Options for multiple plots or combined plots:
--iter-field Separate plots per field (default is to combine in one
plot)
--iter-antenna Separate plots per antenna (default is to combine in
one plot)
--iter-spw Separate plots per spw (default is to combine in one
plot)
--iter-scan Separate plots per scan (default is to combine in one
plot)
--iter-corr Separate plots per correlation or Stokes (default is
to combine in one plot)
Data subset selection:
--ant ANT Antennas to plot (comma-separated list of names,
default = all)
--ant-num ANT_NUM Antennas to plot (comma-separated list of numbers, or
a [start]:[stop][:step] slice, overrides --ant)
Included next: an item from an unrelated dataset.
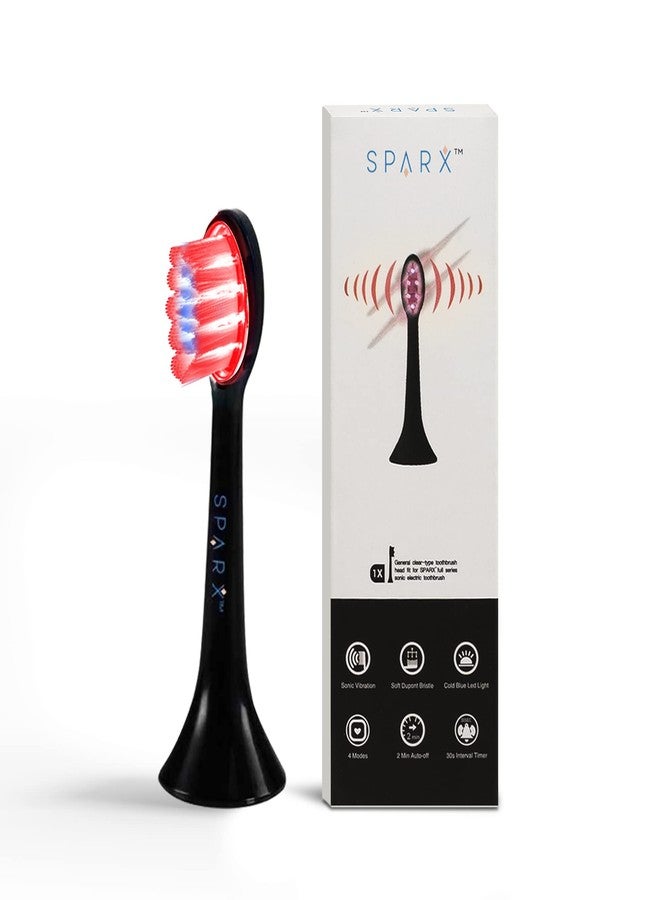 Sparx Toothbrush Replacement Heads, Brush Heads with Red Light Therapy for Gum Care, Replacement Brush Heads, Black, 1 Pack - Image 1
--baseline BASELINE Baselines to plot, as 'ant1-ant2' (comma-separated
list, default = all)
--spw SPW Spectral windows (DDIDs) to plot (comma-separated
list, default = all)
--field FIELD Field ID(s) to plot (comma-separated list, default =
all)
--scan SCAN Scans to plot (comma-separated list, default = all)
--corr CORR Correlations or Stokes to plot, use indices or labels
(comma-separated list, default = all)
--chan CHAN Channel slice, as [start]:[stop][:step], default is to
plot all channels
Rendering settings:
-X XCANVAS, --xcanvas XCANVAS
Canvas x-size in pixels (default = 1280)
-Y YCANVAS, --ycanvas YCANVAS
Canvas y-size in pixels (default = 900)
--norm {auto,eq_hist,cbrt,log,linear}
Pixel scale normalization (default is 'log' when
colouring, and 'eq_hist' when not)
--cmap CMAP Colorcet map used without --colour-by (default = bkr),
see https://colorcet.holoviz.org
--bmap BMAP Colorcet map used when colouring by a continuous axis
(default = bkr)
--dmap DMAP Colorcet map used when colouring by a discrete axis
(default = glasbey_dark)
--spread-pix PIX Dynamically spread rendered pixels to this size
--spread-thr THR Threshold parameter for spreading (0 to 1, default
0.5)
--bgcol BGCOL RGB hex code for background colour (default = FFFFFF)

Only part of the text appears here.